# Romans 11:28



## buggy (Oct 27, 2009)

Concerning the gospel they are enemies for your sake, but concerning the election they are beloved for the sake of the fathers. - Romans 11:28

Hmmm... can anyone give the Reformed understanding of this verse?
I understand this is a favorite "pet verse" by many dispensationalists (plus their obsession with Israel/Endtimes prophecy).


----------



## Nathan Riese (Oct 27, 2009)

> Verses 28–32 clarify the promise in verses 25–27 that all Israel will be saved, explaining to Gentiles why God will intervene and save his people. The explanation provided also harks back to verses 11–16 in that the benefit for Gentiles of Jewish unbelief is noted again.
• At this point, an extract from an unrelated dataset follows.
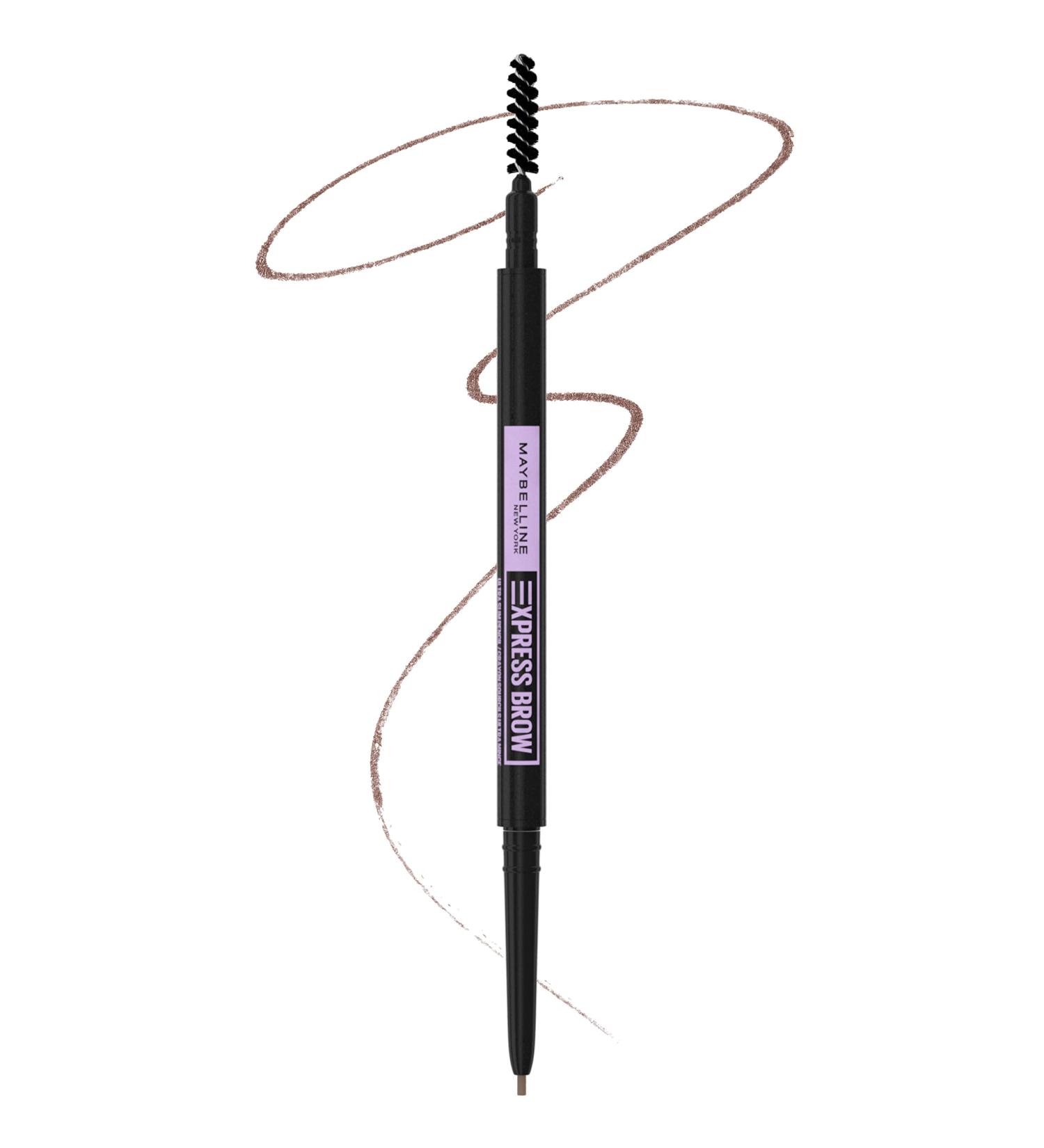 Maybelline Brow Ultra Slim Defining Eyebrow Pencil - Soft Brown - Buy Online on GoSupps.com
The flow of thought may be portrayed as follows:
> With reference to the gospel the Jews are enemies of God for the advantage of the Gentiles (i.e., their entrance into salvation; 28a),
> but according to election they are beloved by God because of the fathers (28b).
> The reason that Israel is beloved because of the fathers is that God’s saving gifts and effectual calling can never be withdrawn, since he freely made saving promises to the fathers (29).
> ...



also note this:


> In harmony with verses 25, 26, which speak first of a hardening of part of Israel and then about “all Israel” which will be saved, so here too the apostle first reminds us of those Israelites who, as far as the gospel is concerned, are enemies, and then of those who, as far as election is concerned, are beloved for the sake of the fathers. In reading on (see verses 30, 31), however, we soon become aware of the fact that these “enemies” and these “beloved ones” are the same people, namely, the elect. At first they were hostile to the gospel, but later on, because of the wonderful manifestation of God’s mercy (see verse 25 f.) they become friends.
> Note the following:
> a. “As far as the gospel is concerned … enemies for your sake.” Note “for your sake.”
> The explanation is found in verse 11: “Because of their trespass salvation (has come) to the Gentiles.”
> ...





> Verse 28. As concerning the gospel, they are enemies for your sakes; but as touching the election, they are beloved for the fathers’ sakes. In this and the few following verses, the apostle sums up what he had previously taught. The Jews, he says, were now, as far as the gospel was concerned, regarded and treated as enemies, for the benefit of the Gentiles; but, in reference to the election, they were still regarded as the peculiar people of God, on account of their connection with the patriarchs. They are enemies, whether of the gospel, of the apostle, or of God, is not expressed, and therefore depends on the context. Each view of the clause has its advocates. The last is the correct one, because they are enemies to him, by whom, on one account, they are beloved. The word εχθροί may be taken actively or passively; see 5:10. They are inimical to God, or they are regarded and treated as enemies by him. The latter best suits the context. They are now aliens from their own covenant of promise.
> As concerning the gospel, κατὰ τὸ ἐυαγγέλιον, that is, the gospel is the occasion of their being regarded as enemies. This is explained by a reference to vs. 11, 15. By their punishment the progress of the gospel has been facilitated among the Gentiles; and therefore the apostle says, it is for your sakes they are thus treated. On the other hand, κατὰ δὲ τὴν ἐκλογήν, as it regards the election, or the covenant of God, they are still regarded with peculiar favour, because descended from those patriarchs to whom and to whose seed the promises were made. This is but expressing in a different form the idea which the apostle had previously presented, viz., that the covenant made with Abraham was inconsistent with the final rejection of the Jews, as a people. God foresaw and predicted their temporary defection and rejection from his kingdom, but never contemplated their being for ever excluded; see vs. 16, 25–27.
> 
> Charles Hodge, A Commentary on the Epistle to the Romans, New Edition (Bellingham, WA: Logos Research Systems, Inc., 2009), 590.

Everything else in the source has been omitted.